Even though I have a VMware homelab project, I do leverage the cloud. For example, I have access to AWS and Azure and often use these to build out PoC environments and services between my home lab and the cloud to test real-world scenarios for hybrid cloud connectivity for clients and learning purposes.
What does your roadmap look like?
I am constantly looking at new hardware and better equipment across the board on the hardware roadmap. It would be nice to get 25 gig networking in the lab environment at some point in the future. Also, I am looking at new Supermicro models with the refreshed Ice Lake Xeon-D processors.
On the software/solutions side, I am on a continuous path to learning new coding and DevOps skills, including new Infrastructure-as-Code solutions. Also, Kubernetes is always on my radar, and I continue to use the home lab to learn new Kubernetes skills. I want to continue building new Kubernetes solutions with containerized workloads in the home lab environment, which is on the agenda this year in the lab environment.
Any horror stories to share?
One of the more memorable homelab escapades involved accidentally wiping out an entire vSAN datastore as I had mislabeled two of my Supermicro servers. So, when I reloaded two of the servers, I realized I had rebuilt the wrong servers. Thankfully, I am the CEO, CIO, and IT Manager of the home lab environment, and I had backups of my VMs 😊.
I like to light up my home lab server rack
One of the recent additions to the VMware homelab project this year has been the addition of LED lights. I ran LED light strips along the outer edge of my server rack and can change the color via remote or have the lights cycle through different colors on a timer. You can check out a walkthrough of my home lab environment (2022 edition with lights) here: (574) VMware Home Lab Tour 2022 Edition Server Room with LED lights at night! A geek’s delight! – YouTube
Rack servers for myVMware homelab project
Xavier Avrillier
VMware | DOJO Author & Section Editor
Why do you have a lab?
When I started my career in IT, I didn’t have any sort of lab and relied exclusively on the environment I had at work to learn new things and play around with tech. This got me started with running virtual machines in VMware workstations at home but computers back then (10 years ago) didn’t come with 16GB of RAM as a common requirement so I had to get crafty with resources.

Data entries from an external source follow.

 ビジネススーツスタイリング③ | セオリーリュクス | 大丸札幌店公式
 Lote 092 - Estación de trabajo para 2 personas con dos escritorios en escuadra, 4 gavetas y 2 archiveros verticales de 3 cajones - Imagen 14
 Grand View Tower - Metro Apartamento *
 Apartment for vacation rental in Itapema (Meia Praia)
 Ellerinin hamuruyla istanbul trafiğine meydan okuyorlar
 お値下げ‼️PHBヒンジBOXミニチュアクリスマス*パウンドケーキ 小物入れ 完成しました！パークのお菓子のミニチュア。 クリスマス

When studying to take the VCP exam, things started to get a bit frustrating as running a vCenter with just 2 vSphere nodes on 16 GB of ram is cumbersome (and slow). At this point, I got lucky enough that I could use a fairly good test environment at work to delay the inevitable and manage to get the certification without investing a penny in hardware or licenses.

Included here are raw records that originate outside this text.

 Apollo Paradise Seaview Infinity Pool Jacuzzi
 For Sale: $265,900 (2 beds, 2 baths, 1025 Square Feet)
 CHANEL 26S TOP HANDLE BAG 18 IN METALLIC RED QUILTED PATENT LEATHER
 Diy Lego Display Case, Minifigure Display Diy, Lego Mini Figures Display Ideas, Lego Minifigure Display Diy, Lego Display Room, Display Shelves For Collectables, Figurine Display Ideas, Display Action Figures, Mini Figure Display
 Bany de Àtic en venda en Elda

I then changed my employer and started technical writing so I needed the capacity to play around with and resources pile up fast when you add vSAN, NSX, SRM and other VMware products into the mix. For that reason, I decided to get myself a homelab that would be dedicated to messing around. I started with Intel NUC mini-PCs like many of us and then moved to a more solid Dell rack server that I am currently running.
I decided to go the second-hand route as it was so much cheaper and I don’t really care about official support, newer software usually works unless on dinosaur hardware. I got a great deal on a Dell R430, my requirements were pretty easy as I basically needed lots of cores, memory, a fair amount of storage and an out-of-band card for when I’m not at home and need to perform power actions on it.
What’s your setup?
I am currently running my cluster labs nested on the R430 and run natively in VMs when possible. For instance, I have the DC, NSX manager, VCD, and vCenter run in VMs on the physical host, but I have a nested VSAN cluster with NSX-T networking managed by this same vCenter server. This is the most consolidated way I could think of while offering flexibility.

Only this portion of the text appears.